Organizations running at scale need continuous compute delivery. That capability requires running inference workloads uninterrupted, even when an agent is compromised.
“That’s impossible when your security boundary is the shared kernel,” she said.
This limitation becomes even more pronounced in GPU-heavy environments. GPU (graphics processing unit) passthrough enables a virtual machine to directly access a physical PCIe GPU, bypassing the host OS to provide near-native performance.
GPU Security Lags Behind CPUs
According to Zenla, GPU security is a decade behind where CPU (central processing unit) virtualization is today. Cloud providers are racing to deploy GPU capacity without the corresponding isolation primitives.
“Edera for GPUs was built specifically to close that gap, bringing hardware-enforced isolation to GPU workloads the same way hypervisors transformed CPU security,” she offered.
To do this, Edera uses a type-1 hypervisor that runs directly on the hardware to reduce the number of hops required to enable passthrough. This approach simplifies GPU configuration and setup.
Edera also controls access to the I/O Memory Management Unit (IOMMU) at a low level, enabling faster boot times and lower overhead. This hardware component translates device-visible virtual addresses to physical addresses.
“By doing this in the hypervisor layer as opposed to on the host system and in userspace, we maintain great performance while running on a very small attack surface. No longer do you have a large attack surface like QEMU in the pathway of handling the GPU,” Zenla added.
Reducing Multi-Tenant Risk
In a world where AI agents share physical infrastructure, Edera’s hypervisor-based layer addresses a key security element that current sandboxing methods overlook. Noisy neighbor or side-channel attacks occur when a tenant in a shared (multi-tenant) environment monopolizes resources, degrading performance for other users on the same infrastructure.

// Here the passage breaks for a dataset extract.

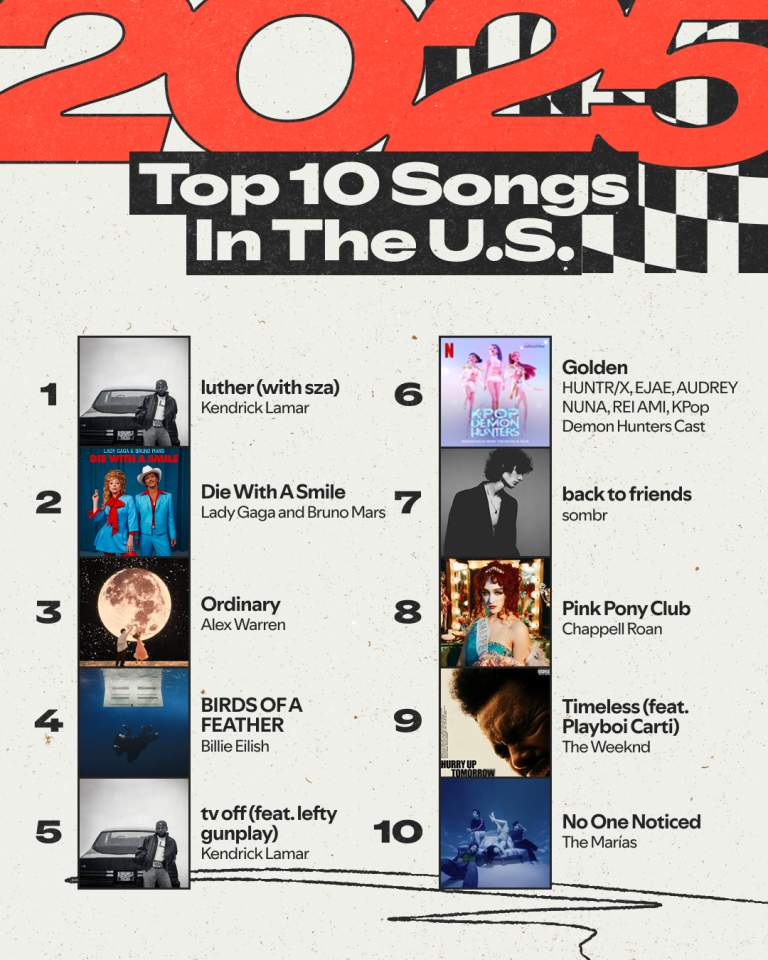Spotify 2025年度全美十大歌曲排行榜。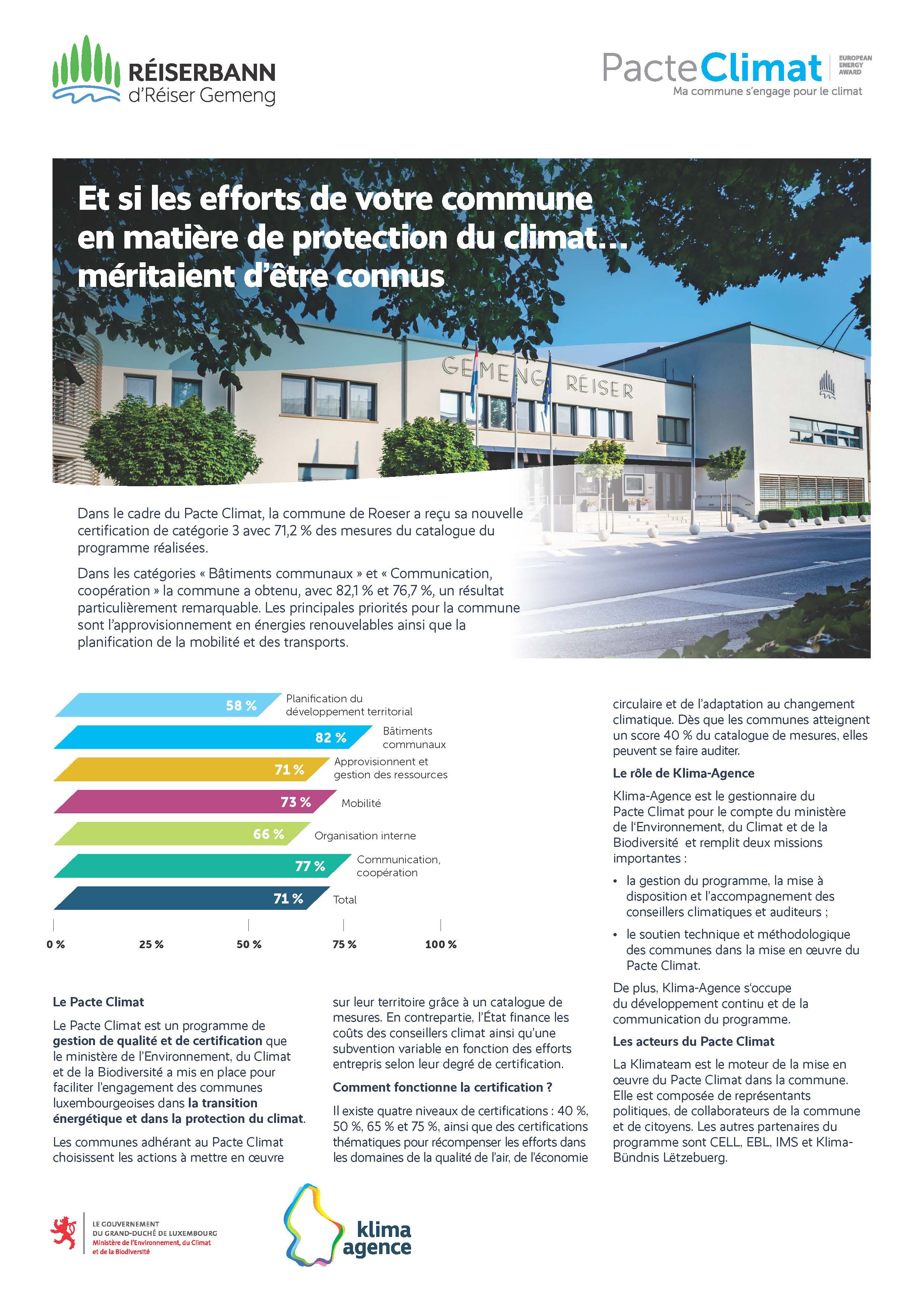 PacteClimat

Zenla noted that a malicious tenant can infer what other tenants are doing by observing the shared state. Hypervisor resource allocation mitigates these. Any accidental or malicious agent that begins consuming compute resources is met with vCPU and memory allocation barriers that saturate the workload without impacting the rest of the tenant’s resources.
“With Edera, we eliminate this class of attack because every workload gets its own kernel. A hypervisor can pin tenants to specific CPU cores and provide them with their own Linux kernel. This mitigates cross-tenant cache and branch-predictor attacks,” she said.
Hidden Risks in AI Infrastructure
Zenla warned that as cloud providers rush to stand up AI infrastructure, the security trade-off they quietly accept is that GPU isolation is less mature than CPU isolation. Providers are racing to ship GPU capacity for AI, and GPUs are essentially their own distributed systems that circumvent standard OS protections.
When she hears product descriptions that claim to bypass the CPU and OS, Zenla notes the absence of core safeguards, including virtual memory protection, kernel security controls, firewalls, network policies, and eBPF visibility. On top of that, many GPU drivers operate as large, proprietary, closed-source components with kernel-level privileges (ring 0), the highest privilege level on the CPU.
“A bug in any of those kernel modules gives an attacker full kernel memory access on the host,” she concluded.